# sleeves



## Connie Sutherland (Mar 27, 2006)

Does anyone have (or know where to get, I mean) a sleeve for lefties? 

Not an "ambi" sleeve, which are everywhere.


----------



## Howard Gaines III (Dec 26, 2007)

Did you try Ray Allen?


----------



## Connie Sutherland (Mar 27, 2006)

Howard Gaines III said:


> Did you try Ray Allen?


No. I just googled.


I will, thanks.


----------



## Geoff Empey (Jan 8, 2008)

Pierre I'm sure makes them give him a call. Can-Am Training supplies .. 1 (877)-473-k9k9 (5959) toll free anywhere in N/A


----------



## Connie Sutherland (Mar 27, 2006)

Geoff Empey said:


> Pierre I'm sure makes them give him a call. Can-Am Training supplies .. 1 (877)-473-k9k9 (5959) toll free anywhere in N/A


I did, but I get voice mail. I was kinda hoping to get an immediate "yes" and a price. But yes, I'll leave a message.

Thanks, all!


----------



## Mario Fernandez (Jun 21, 2008)

Connie:

Lots of places you can get a sleeve. What brand are you looking for? I was in the market for a right handed sleeve, did not want to pay $150+ for a right handed sleeve I was only going to use once in a while. Bought myself a Bende right handed sleeve. I like it alot, so do the other helpers..LOL

try this site free shipping on $100 or more...

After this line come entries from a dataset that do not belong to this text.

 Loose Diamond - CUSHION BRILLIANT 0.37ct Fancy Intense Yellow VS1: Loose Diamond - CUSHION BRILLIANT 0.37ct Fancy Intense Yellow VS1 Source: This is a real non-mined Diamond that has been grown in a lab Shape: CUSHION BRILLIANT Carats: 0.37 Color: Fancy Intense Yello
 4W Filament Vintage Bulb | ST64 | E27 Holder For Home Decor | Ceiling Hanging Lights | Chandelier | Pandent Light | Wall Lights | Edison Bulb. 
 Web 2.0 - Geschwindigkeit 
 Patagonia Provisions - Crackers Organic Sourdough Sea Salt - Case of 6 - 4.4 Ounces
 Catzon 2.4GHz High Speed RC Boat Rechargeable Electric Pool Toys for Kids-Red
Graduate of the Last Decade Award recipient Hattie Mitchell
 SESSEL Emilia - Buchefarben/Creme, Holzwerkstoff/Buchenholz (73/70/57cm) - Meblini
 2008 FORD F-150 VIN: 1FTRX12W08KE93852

http://www.itbitez.net/servlet/StoreFront


----------



## Connie Sutherland (Mar 27, 2006)

Ah! Found Schweikert at allK-9.com.

Thank you, folks.


----------



## Howard Gaines III (Dec 26, 2007)

Connie Sutherland said:


> No. I just googled.
> 
> 
> I will, thanks.


You could also try Jim Hill from the Greater Philadelhia Schutzhund Club. He deals with a company that makes the Beglian Arm sleeve. Super fast and light weight. I an't find his number as it has been 10+/- years. I think his company is Wyndmoor Kennels???


----------



## David Frost (Mar 29, 2006)

Connie Sutherland said:


> Does anyone have (or know where to get, I mean) a sleeve for lefties?
> 
> Not an "ambi" sleeve, which are everywhere.

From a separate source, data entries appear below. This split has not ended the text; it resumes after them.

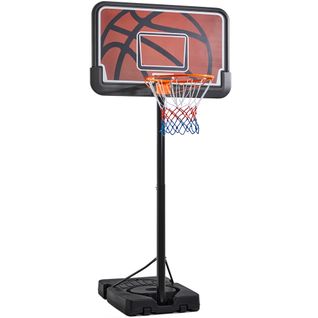 Panier De Basket-ball Sur Pied Réglable En Hauteur Avec Base Remplissable, Noir/orange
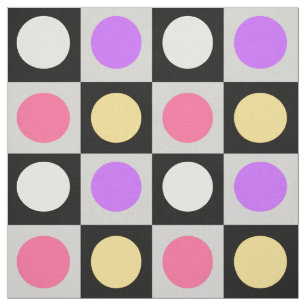 Geometric Circle Dots Pattern Fabric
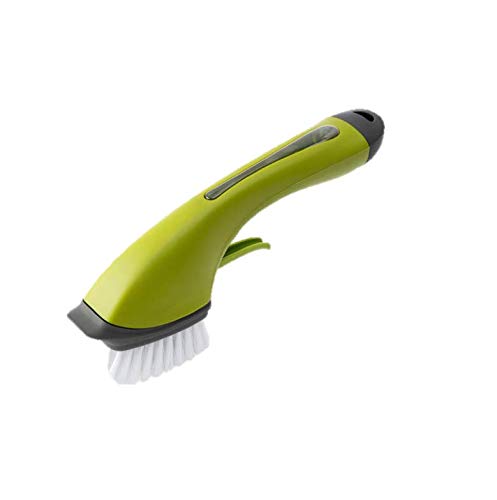 Handheld Bubble Soap Brush Floor Brush and Dispenser with Bubble Storage Scrubber Ideal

You might try Harddog as well. I like their stuff. 

DFrost


----------



## Connie Sutherland (Mar 27, 2006)

Wow, THANKS, all.


----------



## Gerry Grimwood (Apr 2, 2007)

maybe just for price comparison, this Co. ships anywhere and are prompt, they answer their phones too.

http://dogsportgear.com/bite_bar_trial_sleeves.htm


----------



## Connie Sutherland (Mar 27, 2006)

Gerry Grimwood said:


> ... this Co. ships anywhere and are prompt, they answer their phones too.
> 
> http://dogsportgear.com/bite_bar_trial_sleeves.htm


Same price, too!

Thanks!


----------



## Mike charatin (Apr 9, 2008)

Connie Sutherland said:


> Ah! Found Schweikert at allK-9.com.
> 
> Thank you, folks.


If you like scheweikert check kraftwerk k9 .com there prices used to be pretty good. I am going to try allk-9.com to compare. Thanks.


----------



## Mario Fernandez (Jun 21, 2008)

dogsportgear and allk-9.com sell all the same stuff. Ralph Giby at Dogsportgear.com is a very nice person and has excellant customer service. Another place is bill forbes at www.fullgripgear.com

Lots of good places for sleeves it just depends on the brand you what....


----------



## Lee H Sternberg (Jan 27, 2008)

I like those guys too, Gerry. They have their act together plus real personable. They know their product line.


----------